REQUIREMENT: Look through the data below for the line with "Emoticones de jirafa", and transcribe it exactly together with each line after it up to and including the line with "LARQ PureVis 2". Give nothing else.

DATA RECORDS:
════════════════════

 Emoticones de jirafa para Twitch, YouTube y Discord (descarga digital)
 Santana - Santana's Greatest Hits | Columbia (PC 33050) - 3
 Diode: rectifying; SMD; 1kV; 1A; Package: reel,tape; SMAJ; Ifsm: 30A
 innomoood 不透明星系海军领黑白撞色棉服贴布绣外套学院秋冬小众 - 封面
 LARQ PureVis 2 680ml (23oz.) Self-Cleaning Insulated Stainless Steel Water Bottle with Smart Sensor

════════════════════

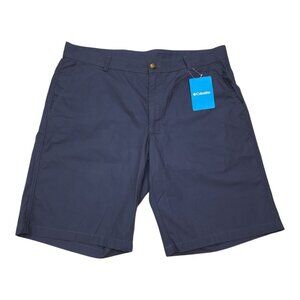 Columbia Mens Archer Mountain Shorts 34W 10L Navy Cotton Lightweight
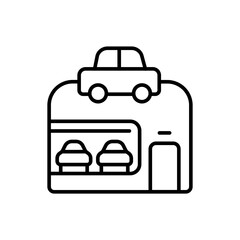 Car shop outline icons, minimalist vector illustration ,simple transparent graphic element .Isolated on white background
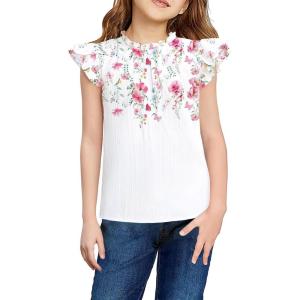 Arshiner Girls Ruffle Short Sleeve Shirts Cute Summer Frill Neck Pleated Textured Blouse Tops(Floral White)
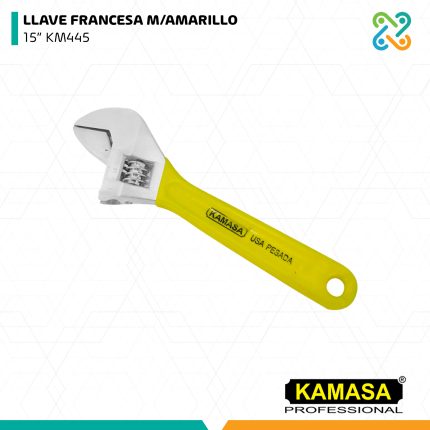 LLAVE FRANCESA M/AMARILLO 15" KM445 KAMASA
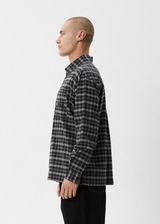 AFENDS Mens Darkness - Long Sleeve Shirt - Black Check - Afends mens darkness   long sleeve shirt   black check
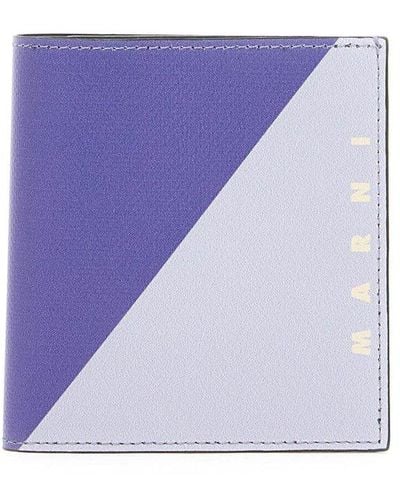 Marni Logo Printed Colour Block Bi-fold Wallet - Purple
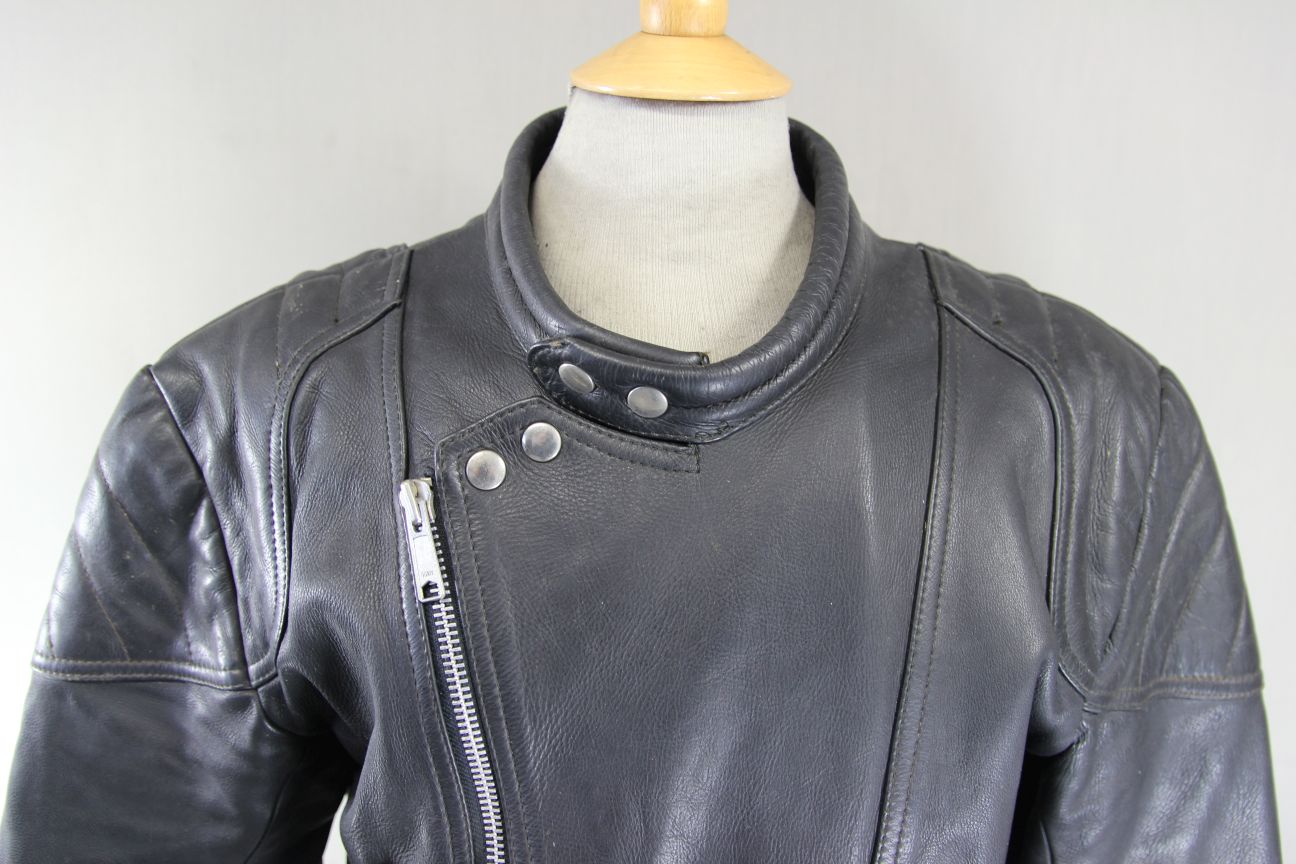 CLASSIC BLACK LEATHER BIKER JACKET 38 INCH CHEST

════════════════════

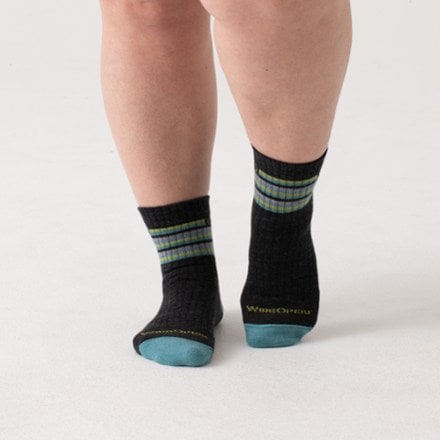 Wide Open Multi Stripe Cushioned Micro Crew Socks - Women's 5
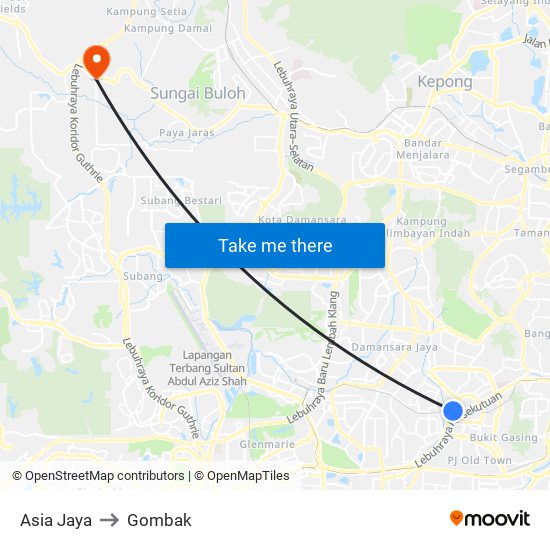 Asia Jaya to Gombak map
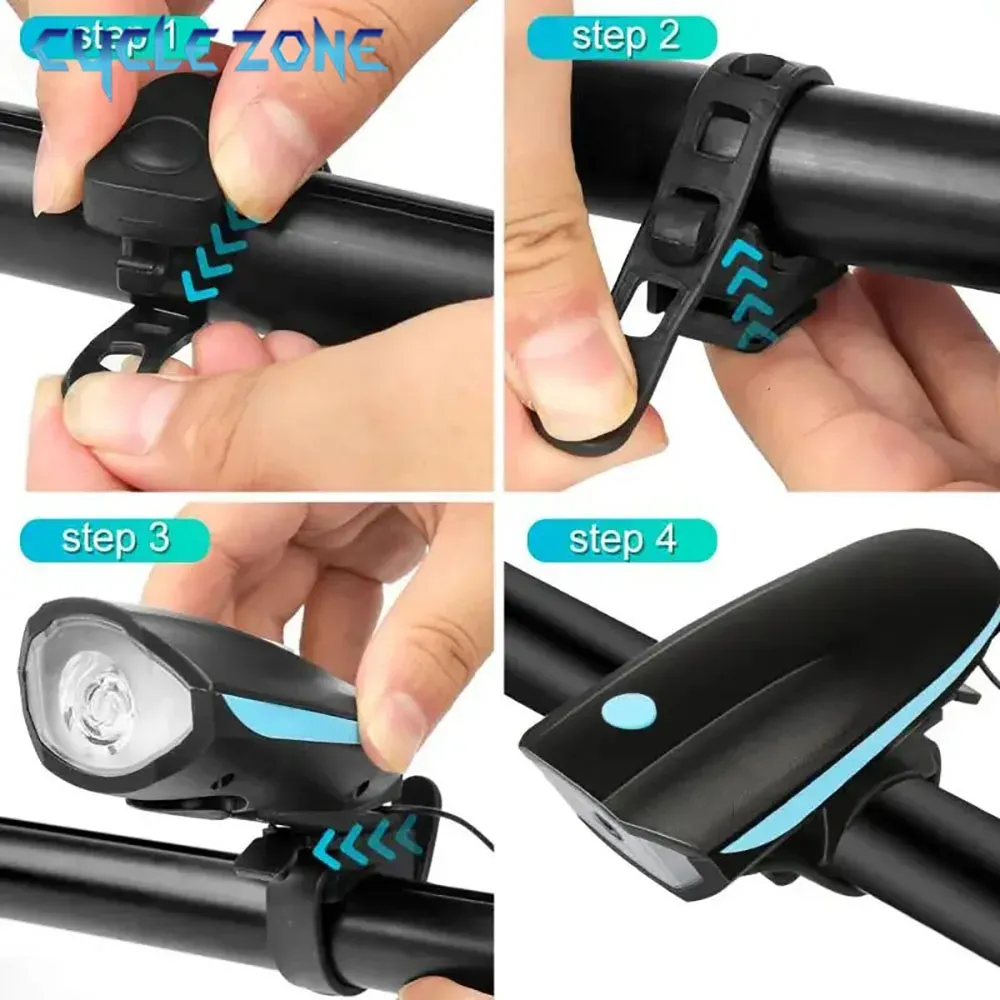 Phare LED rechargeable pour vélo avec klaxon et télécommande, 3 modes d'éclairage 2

════════════════════

SOLUTION FOR THIS EXERCISE:
 Emoticones de jirafa para Twitch, YouTube y Discord (descarga digital)
 Santana - Santana's Greatest Hits | Columbia (PC 33050) - 3
 Diode: rectifying; SMD; 1kV; 1A; Package: reel,tape; SMAJ; Ifsm: 30A
 innomoood 不透明星系海军领黑白撞色棉服贴布绣外套学院秋冬小众 - 封面
 LARQ PureVis 2 680ml (23oz.) Self-Cleaning Insulated Stainless Steel Water Bottle with Smart Sensor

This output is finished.